How much do you think it will cost cause I paid $40 plus shipping for my HR-03 and plus I don't know if it will fit in my case cause there is barly room for my Pro... AHHHHHHHHH! What to do, what to do....


----------



## hugz (Feb 28, 2008)

Price should be around 48$ + shipping.


----------



## CrackerJack (Feb 28, 2008)

I want have to worry about shipping!  I'll just have my dad send it to me!


----------



## CrackerJack (Feb 28, 2008)

hugz said:


> Arctic Cooling Accelero Xtreme 2900 VGA Cooler
> 
> Arctic Cooling Accelero Xtreme 8800 VGA Cooler
> 
> ...








ACCELERO XTREME 2900 AND 8800 LINKS ARE MIX AROUND


----------



## CrackerJack (Feb 28, 2008)

hugz said:


> Arctic Cooling Accelero Xtreme 2900 VGA Cooler
> 
> Arctic Cooling Accelero Xtreme 8800 VGA Cooler
> 
> ...





Each Cooler cost $60 each.(w/o shipping)  $141 for two and to get sent to the states. hopefully egg will have them soon. The arctic cooling show this cooler in the 2900 Series but yet say only 2900XT/PRO. I hope it will work on my 2900GT. lol We will see.


----------



## pagalms (Feb 28, 2008)

Demos_sav said:


> Will that fit on my 8800GTS? Damn I hope it will....I want one of these



Same here...

But Legion Hardware says:


> Thankfully using the same design, Arctic-Cooling has also released a version of the Accelero Xtreme for the GeForce 8800 GTX, Ultra and GTS (G80) graphics cards.
> Again, although the GeForce 8800 GTX and Ultra sales have come to a screaming halt and the GTS (G80) 640MB/320MB graphics cards are no longer available, the Accelero Xtreme 8800 makes a lot more sense. Despite the fact that the GeForce 8800 GT and GTS 512 are the new boys in town, there are still a huge amount of users out there running GeForce 8800 GTX and GTS (640MB/320MB) graphics cards that would be interested in a product such as the Arctic-Cooling Accelero Xtreme 8800.





> Given what you get with the Accelero Xtreme 8800, we feel that a sub $50 US price tag is very impressive and surely tempting for all those GeForce 8800 Ultra/GTX/ GTS (G80) owners out there. Finally, our only gripe with the Accelero Xtreme 8800 is that it does not support the GeForce 8800 GT or GTS 512 graphics cards!

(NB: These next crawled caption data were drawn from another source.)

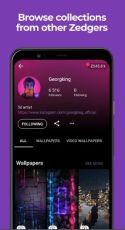 Zedge Mod Apk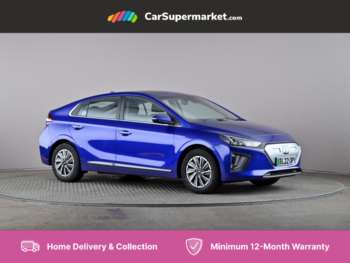 2022 - 100kW Premium 38kWh Auto 5-Door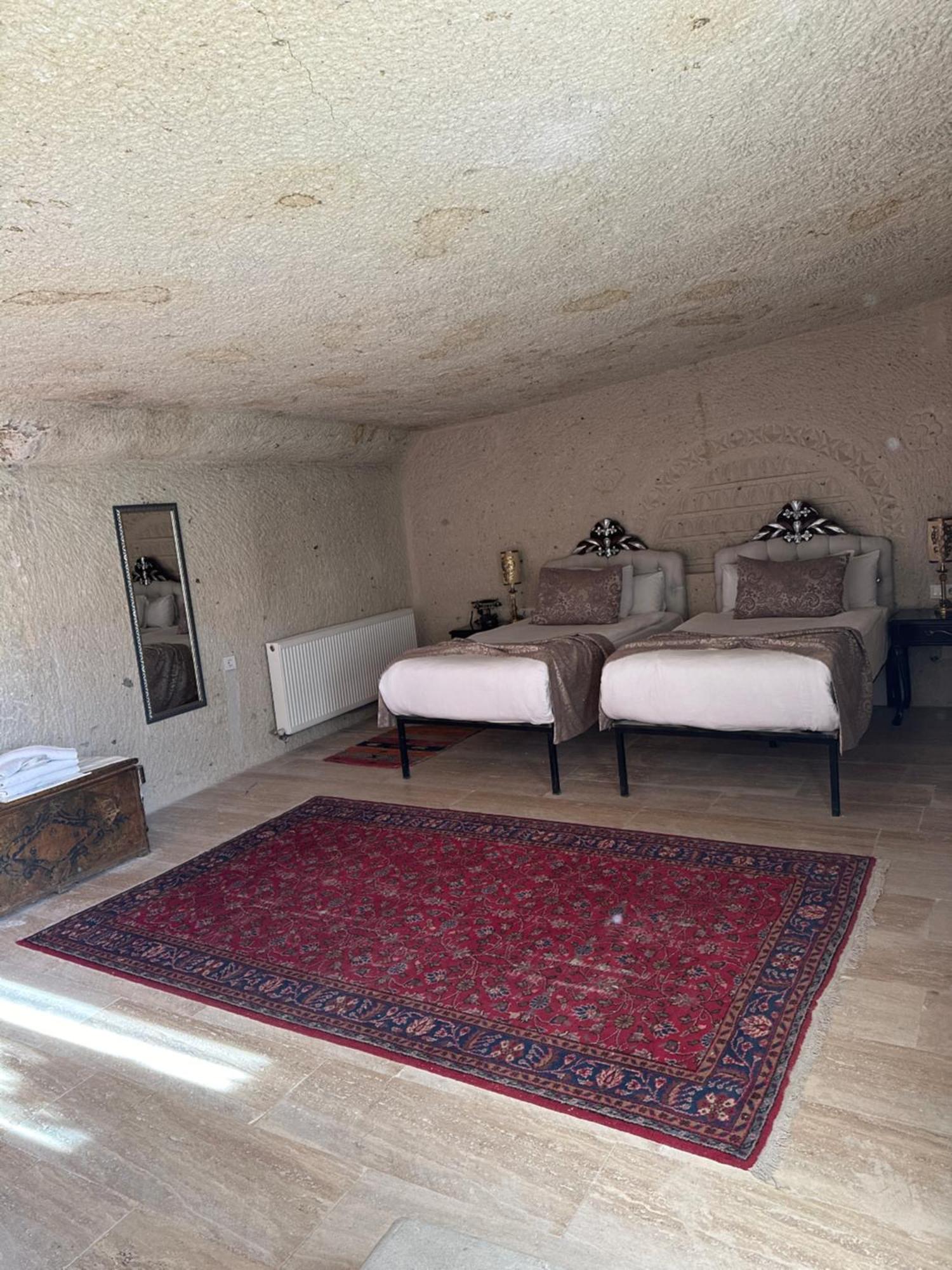 Ortahisar Cave Hotel Exterior photo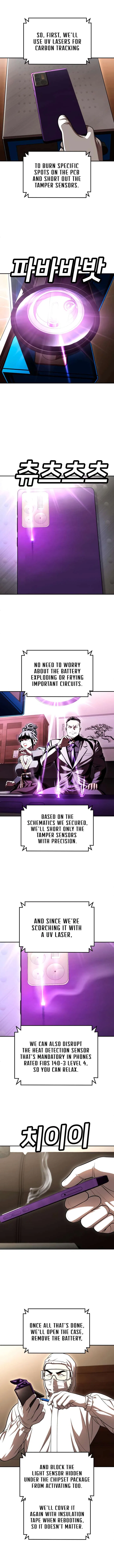 A Sense of Amusement Chapter 70 – Page 11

So looks like it does support G80 GTS


----------



## hugz (Feb 28, 2008)

CrackerJack said:


> ACCELERO XTREME 2900 AND 8800 LINKS ARE MIX AROUND



damn haha, I checked twice


----------



## CrackerJack (Feb 29, 2008)

http://www.arctic-cooling.com/downloads/press/ACCELERO_XTREME_EN.pdf

$50!!!    well it would be worth it. but they should be out by now, it says mid Feb


----------



## hugz (Mar 3, 2008)

59$ 

http://www.pccasegear.com/index.php?main_page=index&cPath=207_314


----------



## Duffman (Mar 5, 2008)

where is that place?  is that Canada?


----------



## hugz (Mar 5, 2008)

oh lol, just checked, they are from Melbourne/AU 
	

	
	
		
		

		
		
	


	




59$AUD/54$US


----------



## InnocentCriminal (Mar 5, 2008)

I really like that!


----------



## Duffman (Mar 5, 2008)

we all do lol.  We are waiting with baited breath for them here in the US!!!!


----------



## CrackerJack (Mar 5, 2008)

Duffman said:


> we all do lol.  We are waiting with baited breath for them here in the US!!!!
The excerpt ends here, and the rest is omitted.